From: Vladimir Davydov <vdavydov@virtuozzo.com>
To: Andrew Morton <akpm@linux-foundation.org>
CC: Johannes Weiner <hannes@cmpxchg.org>, Michal Hocko <mhocko@kernel.org>,
        <linux-mm@kvack.org>, <cgroups@vger.kernel.org>,
        <linux-kernel@vger.kernel.org>
Subject: [PATCH v2 1/7] mm: memcontrol: charge swap to cgroup2
Date: Thu, 17 Dec 2015 15:29:54 +0300
Message-ID: <a6d639c29f845c2da9adaaab536754c714099e92.1450352791.git.vdavydov@virtuozzo.com>
In-Reply-To: <cover.1450352791.git.vdavydov@virtuozzo.com>
References: <cover.1450352791.git.vdavydov@virtuozzo.com>
MIME-Version: 1.0
Content-Type: text/plain
Sender: linux-kernel-owner@vger.kernel.org
Content-Length: 11504
Lines: 354

In the legacy hierarchy we charge memsw, which is dubious, because:

 - memsw.limit must be >= memory.limit, so it is impossible to limit
   swap usage less than memory usage. Taking into account the fact that
   the primary limiting mechanism in the unified hierarchy is
   memory.high while memory.limit is either left unset or set to a very
   large value, moving memsw.limit knob to the unified hierarchy would
   effectively make it impossible to limit swap usage according to the
   user preference.

 - memsw.usage != memory.usage + swap.usage, because a page occupying
   both swap entry and a swap cache page is charged only once to memsw
   counter. As a result, it is possible to effectively eat up to
   memory.limit of memory pages *and* memsw.limit of swap entries, which
   looks unexpected.

That said, we should provide a different swap limiting mechanism for
cgroup2.

This patch adds mem_cgroup->swap counter, which charges the actual
number of swap entries used by a cgroup. It is only charged in the
unified hierarchy, while the legacy hierarchy memsw logic is left
intact.

The swap usage can be monitored using new memory.swap.current file and
limited using memory.swap.max.

Note, to charge swap resource properly in the unified hierarchy, we have
to make swap_entry_free uncharge swap only when ->usage reaches zero,
not just ->count, i.e. when all references to a swap entry, including
the one taken by swap cache, are gone. This is necessary, because
otherwise swap-in could result in uncharging swap even if the page is
still in swap cache and hence still occupies a swap entry. At the same
time, this shouldn't break memsw counter logic, where a page is never
charged twice for using both memory and swap, because in case of legacy
hierarchy we uncharge swap on commit (see mem_cgroup_commit_charge).

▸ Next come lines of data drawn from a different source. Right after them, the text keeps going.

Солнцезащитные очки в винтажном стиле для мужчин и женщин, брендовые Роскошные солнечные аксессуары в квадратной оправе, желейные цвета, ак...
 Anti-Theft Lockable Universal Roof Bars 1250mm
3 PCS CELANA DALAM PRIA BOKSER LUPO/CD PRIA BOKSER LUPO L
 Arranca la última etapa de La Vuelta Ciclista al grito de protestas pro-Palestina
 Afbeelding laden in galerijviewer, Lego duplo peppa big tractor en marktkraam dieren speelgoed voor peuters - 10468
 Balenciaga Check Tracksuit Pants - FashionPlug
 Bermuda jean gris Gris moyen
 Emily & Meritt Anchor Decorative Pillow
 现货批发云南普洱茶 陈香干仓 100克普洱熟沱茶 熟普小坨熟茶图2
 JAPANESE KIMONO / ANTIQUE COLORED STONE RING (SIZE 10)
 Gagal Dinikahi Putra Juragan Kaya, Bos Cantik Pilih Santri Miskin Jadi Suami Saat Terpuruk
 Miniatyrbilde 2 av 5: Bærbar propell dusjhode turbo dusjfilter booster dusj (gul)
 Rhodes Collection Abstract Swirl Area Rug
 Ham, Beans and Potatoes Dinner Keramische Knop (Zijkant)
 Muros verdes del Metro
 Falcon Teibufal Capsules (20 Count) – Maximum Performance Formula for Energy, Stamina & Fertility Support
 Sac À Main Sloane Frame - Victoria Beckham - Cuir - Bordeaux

Signed-off-by: Vladimir Davydov <vdavydov@virtuozzo.com>
---
Changes in v2:
 - Rename mem_cgroup_charge_swap -> mem_cgroup_try_charge_swap to
   conform to other memcg charging methods.
 - Remove unnecessary READ_ONCE from mem_cgroup_get_limit.
 - Uncharge swap only when the last reference is gone, including the one
   taken by swap cache. In other words, make swap_entry_free call
   mem_cgroup_uncharge_swap only when ->usage reaches zero, not just
   ->count.
 - Note: I left legacy and default swap charge paths separated for now,
   because unifying them (i.e. moving swap_cgroup_record to
   mem_cgroup_try_charge_swap) would result in changing behavior of
   MEM_CGROUP_STAT_SWAP counter on the legacy hierarchy.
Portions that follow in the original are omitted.